Top of SUPPLIED MATERIAL

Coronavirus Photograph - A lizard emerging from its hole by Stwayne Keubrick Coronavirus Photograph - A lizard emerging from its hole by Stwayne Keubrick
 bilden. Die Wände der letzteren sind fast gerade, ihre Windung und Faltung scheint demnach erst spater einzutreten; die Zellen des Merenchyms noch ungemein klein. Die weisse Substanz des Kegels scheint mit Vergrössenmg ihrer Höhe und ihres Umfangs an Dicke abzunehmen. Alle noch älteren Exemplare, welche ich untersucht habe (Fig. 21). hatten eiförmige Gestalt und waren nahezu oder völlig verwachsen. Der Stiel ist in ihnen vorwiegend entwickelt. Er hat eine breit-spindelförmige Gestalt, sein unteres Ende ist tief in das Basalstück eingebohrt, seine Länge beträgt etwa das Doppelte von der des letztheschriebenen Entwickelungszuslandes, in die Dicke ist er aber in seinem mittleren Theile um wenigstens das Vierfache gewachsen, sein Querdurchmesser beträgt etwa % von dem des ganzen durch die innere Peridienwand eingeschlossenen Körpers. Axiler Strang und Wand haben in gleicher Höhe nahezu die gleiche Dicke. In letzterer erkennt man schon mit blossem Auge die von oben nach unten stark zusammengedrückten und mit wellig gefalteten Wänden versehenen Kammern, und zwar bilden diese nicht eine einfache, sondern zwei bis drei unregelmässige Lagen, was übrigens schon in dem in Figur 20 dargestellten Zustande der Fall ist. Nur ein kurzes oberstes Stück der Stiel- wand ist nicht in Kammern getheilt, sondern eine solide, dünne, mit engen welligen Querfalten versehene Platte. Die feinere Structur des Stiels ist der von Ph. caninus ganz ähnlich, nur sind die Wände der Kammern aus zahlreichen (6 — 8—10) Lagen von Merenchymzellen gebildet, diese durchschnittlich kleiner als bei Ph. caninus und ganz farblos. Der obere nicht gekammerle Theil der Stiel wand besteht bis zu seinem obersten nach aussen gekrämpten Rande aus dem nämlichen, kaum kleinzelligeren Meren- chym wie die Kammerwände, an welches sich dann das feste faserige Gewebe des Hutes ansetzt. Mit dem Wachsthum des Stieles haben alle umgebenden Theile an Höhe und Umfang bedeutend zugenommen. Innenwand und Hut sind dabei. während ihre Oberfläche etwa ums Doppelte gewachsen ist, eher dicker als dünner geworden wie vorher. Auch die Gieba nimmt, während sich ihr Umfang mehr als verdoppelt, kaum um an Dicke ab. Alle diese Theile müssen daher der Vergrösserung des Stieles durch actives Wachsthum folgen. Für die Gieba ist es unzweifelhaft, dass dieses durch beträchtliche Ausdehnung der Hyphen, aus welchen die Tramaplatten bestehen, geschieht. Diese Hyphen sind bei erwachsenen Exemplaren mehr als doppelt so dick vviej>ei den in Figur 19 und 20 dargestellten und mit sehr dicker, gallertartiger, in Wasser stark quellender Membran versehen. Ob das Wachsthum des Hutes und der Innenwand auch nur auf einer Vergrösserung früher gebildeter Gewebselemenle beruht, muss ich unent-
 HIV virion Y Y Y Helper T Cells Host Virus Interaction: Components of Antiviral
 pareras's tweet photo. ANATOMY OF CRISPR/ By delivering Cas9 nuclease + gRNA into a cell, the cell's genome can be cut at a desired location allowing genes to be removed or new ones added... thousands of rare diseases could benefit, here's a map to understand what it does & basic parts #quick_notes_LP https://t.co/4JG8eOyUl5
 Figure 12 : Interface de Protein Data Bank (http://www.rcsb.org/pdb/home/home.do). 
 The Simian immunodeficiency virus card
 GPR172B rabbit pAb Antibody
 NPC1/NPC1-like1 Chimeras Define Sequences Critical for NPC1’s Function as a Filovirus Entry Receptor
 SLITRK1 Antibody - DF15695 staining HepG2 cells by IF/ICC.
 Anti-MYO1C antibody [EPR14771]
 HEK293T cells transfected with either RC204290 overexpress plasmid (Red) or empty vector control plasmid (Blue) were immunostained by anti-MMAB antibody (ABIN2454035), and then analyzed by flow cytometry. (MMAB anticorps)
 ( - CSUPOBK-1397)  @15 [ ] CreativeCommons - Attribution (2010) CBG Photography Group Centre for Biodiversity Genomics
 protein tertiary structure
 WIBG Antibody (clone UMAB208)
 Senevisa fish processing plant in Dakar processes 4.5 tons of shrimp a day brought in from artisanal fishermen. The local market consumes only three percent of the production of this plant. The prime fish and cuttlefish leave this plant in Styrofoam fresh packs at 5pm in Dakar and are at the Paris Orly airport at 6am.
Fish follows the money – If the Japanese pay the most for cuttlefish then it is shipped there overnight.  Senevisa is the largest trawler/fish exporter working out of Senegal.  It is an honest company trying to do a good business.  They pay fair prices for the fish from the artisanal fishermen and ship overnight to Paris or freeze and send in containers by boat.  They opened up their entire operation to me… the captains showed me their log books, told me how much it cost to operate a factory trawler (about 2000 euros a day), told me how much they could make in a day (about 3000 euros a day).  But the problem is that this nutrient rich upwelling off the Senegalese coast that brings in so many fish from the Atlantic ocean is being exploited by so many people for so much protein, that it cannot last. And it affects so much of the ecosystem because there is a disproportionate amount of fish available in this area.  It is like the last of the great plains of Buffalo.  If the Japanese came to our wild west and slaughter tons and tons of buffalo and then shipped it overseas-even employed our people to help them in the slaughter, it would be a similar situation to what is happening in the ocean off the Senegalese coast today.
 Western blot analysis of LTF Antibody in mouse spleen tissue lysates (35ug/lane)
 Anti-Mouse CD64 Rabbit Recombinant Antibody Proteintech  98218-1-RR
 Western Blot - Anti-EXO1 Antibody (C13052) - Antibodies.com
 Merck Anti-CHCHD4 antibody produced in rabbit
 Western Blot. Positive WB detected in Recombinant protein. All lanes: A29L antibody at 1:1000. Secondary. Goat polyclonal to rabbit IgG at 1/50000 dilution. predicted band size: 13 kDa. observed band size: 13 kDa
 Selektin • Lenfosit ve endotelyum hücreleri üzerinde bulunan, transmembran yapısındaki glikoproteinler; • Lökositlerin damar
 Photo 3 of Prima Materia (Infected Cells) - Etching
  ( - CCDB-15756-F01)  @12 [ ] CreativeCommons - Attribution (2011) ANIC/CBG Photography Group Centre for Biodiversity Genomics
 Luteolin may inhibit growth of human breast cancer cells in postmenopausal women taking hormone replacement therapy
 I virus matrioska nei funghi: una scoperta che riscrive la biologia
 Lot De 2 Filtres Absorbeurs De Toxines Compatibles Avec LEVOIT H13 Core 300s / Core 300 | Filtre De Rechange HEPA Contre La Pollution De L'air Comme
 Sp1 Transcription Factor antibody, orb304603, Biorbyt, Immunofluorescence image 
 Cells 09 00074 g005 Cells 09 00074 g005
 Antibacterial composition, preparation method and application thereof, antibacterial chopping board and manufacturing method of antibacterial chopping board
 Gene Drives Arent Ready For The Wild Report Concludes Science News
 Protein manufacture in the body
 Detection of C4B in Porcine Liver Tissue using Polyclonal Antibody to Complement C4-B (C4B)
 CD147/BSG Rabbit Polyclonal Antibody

Bottom of SUPPLIED MATERIAL

TASK ITEM:
Retype each of the records, word for word, with nothing added or dropped.

ANSWER FOR THE TASK:
Coronavirus Photograph - A lizard emerging from its hole by Stwayne Keubrick Coronavirus Photograph - A lizard emerging from its hole by Stwayne Keubrick
 bilden. Die Wände der letzteren sind fast gerade, ihre Windung und Faltung scheint demnach erst spater einzutreten; die Zellen des Merenchyms noch ungemein klein. Die weisse Substanz des Kegels scheint mit Vergrössenmg ihrer Höhe und ihres Umfangs an Dicke abzunehmen. Alle noch älteren Exemplare, welche ich untersucht habe (Fig. 21). hatten eiförmige Gestalt und waren nahezu oder völlig verwachsen. Der Stiel ist in ihnen vorwiegend entwickelt. Er hat eine breit-spindelförmige Gestalt, sein unteres Ende ist tief in das Basalstück eingebohrt, seine Länge beträgt etwa das Doppelte von der des letztheschriebenen Entwickelungszuslandes, in die Dicke ist er aber in seinem mittleren Theile um wenigstens das Vierfache gewachsen, sein Querdurchmesser beträgt etwa % von dem des ganzen durch die innere Peridienwand eingeschlossenen Körpers. Axiler Strang und Wand haben in gleicher Höhe nahezu die gleiche Dicke. In letzterer erkennt man schon mit blossem Auge die von oben nach unten stark zusammengedrückten und mit wellig gefalteten Wänden versehenen Kammern, und zwar bilden diese nicht eine einfache, sondern zwei bis drei unregelmässige Lagen, was übrigens schon in dem in Figur 20 dargestellten Zustande der Fall ist. Nur ein kurzes oberstes Stück der Stiel- wand ist nicht in Kammern getheilt, sondern eine solide, dünne, mit engen welligen Querfalten versehene Platte. Die feinere Structur des Stiels ist der von Ph. caninus ganz ähnlich, nur sind die Wände der Kammern aus zahlreichen (6 — 8—10) Lagen von Merenchymzellen gebildet, diese durchschnittlich kleiner als bei Ph. caninus und ganz farblos. Der obere nicht gekammerle Theil der Stiel wand besteht bis zu seinem obersten nach aussen gekrämpten Rande aus dem nämlichen, kaum kleinzelligeren Meren- chym wie die Kammerwände, an welches sich dann das feste faserige Gewebe des Hutes ansetzt. Mit dem Wachsthum des Stieles haben alle umgebenden Theile an Höhe und Umfang bedeutend zugenommen. Innenwand und Hut sind dabei. während ihre Oberfläche etwa ums Doppelte gewachsen ist, eher dicker als dünner geworden wie vorher. Auch die Gieba nimmt, während sich ihr Umfang mehr als verdoppelt, kaum um an Dicke ab. Alle diese Theile müssen daher der Vergrösserung des Stieles durch actives Wachsthum folgen. Für die Gieba ist es unzweifelhaft, dass dieses durch beträchtliche Ausdehnung der Hyphen, aus welchen die Tramaplatten bestehen, geschieht. Diese Hyphen sind bei erwachsenen Exemplaren mehr als doppelt so dick vviej>ei den in Figur 19 und 20 dargestellten und mit sehr dicker, gallertartiger, in Wasser stark quellender Membran versehen. Ob das Wachsthum des Hutes und der Innenwand auch nur auf einer Vergrösserung früher gebildeter Gewebselemenle beruht, muss ich unent-
 HIV virion Y Y Y Helper T Cells Host Virus Interaction: Components of Antiviral
 pareras's tweet photo. ANATOMY OF CRISPR/ By delivering Cas9 nuclease + gRNA into a cell, the cell's genome can be cut at a desired location allowing genes to be removed or new ones added... thousands of rare diseases could benefit, here's a map to understand what it does & basic parts #quick_notes_LP https://t.co/4JG8eOyUl5
 Figure 12 : Interface de Protein Data Bank (http://www.rcsb.org/pdb/home/home.do). 
 The Simian immunodeficiency virus card
 GPR172B rabbit pAb Antibody
 NPC1/NPC1-like1 Chimeras Define Sequences Critical for NPC1’s Function as a Filovirus Entry Receptor
 SLITRK1 Antibody - DF15695 staining HepG2 cells by IF/ICC.
 Anti-MYO1C antibody [EPR14771]
 HEK293T cells transfected with either RC204290 overexpress plasmid (Red) or empty vector control plasmid (Blue) were immunostained by anti-MMAB antibody (ABIN2454035), and then analyzed by flow cytometry. (MMAB anticorps)
 ( - CSUPOBK-1397)  @15 [ ] CreativeCommons - Attribution (2010) CBG Photography Group Centre for Biodiversity Genomics
 protein tertiary structure
 WIBG Antibody (clone UMAB208)
 Senevisa fish processing plant in Dakar processes 4.5 tons of shrimp a day brought in from artisanal fishermen. The local market consumes only three percent of the production of this plant. The prime fish and cuttlefish leave this plant in Styrofoam fresh packs at 5pm in Dakar and are at the Paris Orly airport at 6am.
Fish follows the money – If the Japanese pay the most for cuttlefish then it is shipped there overnight.  Senevisa is the largest trawler/fish exporter working out of Senegal.  It is an honest company trying to do a good business.  They pay fair prices for the fish from the artisanal fishermen and ship overnight to Paris or freeze and send in containers by boat.  They opened up their entire operation to me… the captains showed me their log books, told me how much it cost to operate a factory trawler (about 2000 euros a day), told me how much they could make in a day (about 3000 euros a day).  But the problem is that this nutrient rich upwelling off the Senegalese coast that brings in so many fish from the Atlantic ocean is being exploited by so many people for so much protein, that it cannot last. And it affects so much of the ecosystem because there is a disproportionate amount of fish available in this area.  It is like the last of the great plains of Buffalo.  If the Japanese came to our wild west and slaughter tons and tons of buffalo and then shipped it overseas-even employed our people to help them in the slaughter, it would be a similar situation to what is happening in the ocean off the Senegalese coast today.
 Western blot analysis of LTF Antibody in mouse spleen tissue lysates (35ug/lane)
 Anti-Mouse CD64 Rabbit Recombinant Antibody Proteintech  98218-1-RR
 Western Blot - Anti-EXO1 Antibody (C13052) - Antibodies.com
 Merck Anti-CHCHD4 antibody produced in rabbit
 Western Blot. Positive WB detected in Recombinant protein. All lanes: A29L antibody at 1:1000. Secondary. Goat polyclonal to rabbit IgG at 1/50000 dilution. predicted band size: 13 kDa. observed band size: 13 kDa
 Selektin • Lenfosit ve endotelyum hücreleri üzerinde bulunan, transmembran yapısındaki glikoproteinler; • Lökositlerin damar
 Photo 3 of Prima Materia (Infected Cells) - Etching
  ( - CCDB-15756-F01)  @12 [ ] CreativeCommons - Attribution (2011) ANIC/CBG Photography Group Centre for Biodiversity Genomics
 Luteolin may inhibit growth of human breast cancer cells in postmenopausal women taking hormone replacement therapy
 I virus matrioska nei funghi: una scoperta che riscrive la biologia
 Lot De 2 Filtres Absorbeurs De Toxines Compatibles Avec LEVOIT H13 Core 300s / Core 300 | Filtre De Rechange HEPA Contre La Pollution De L'air Comme
 Sp1 Transcription Factor antibody, orb304603, Biorbyt, Immunofluorescence image 
 Cells 09 00074 g005 Cells 09 00074 g005
 Antibacterial composition, preparation method and application thereof, antibacterial chopping board and manufacturing method of antibacterial chopping board
 Gene Drives Arent Ready For The Wild Report Concludes Science News
 Protein manufacture in the body
 Detection of C4B in Porcine Liver Tissue using Polyclonal Antibody to Complement C4-B (C4B)
 CD147/BSG Rabbit Polyclonal Antibody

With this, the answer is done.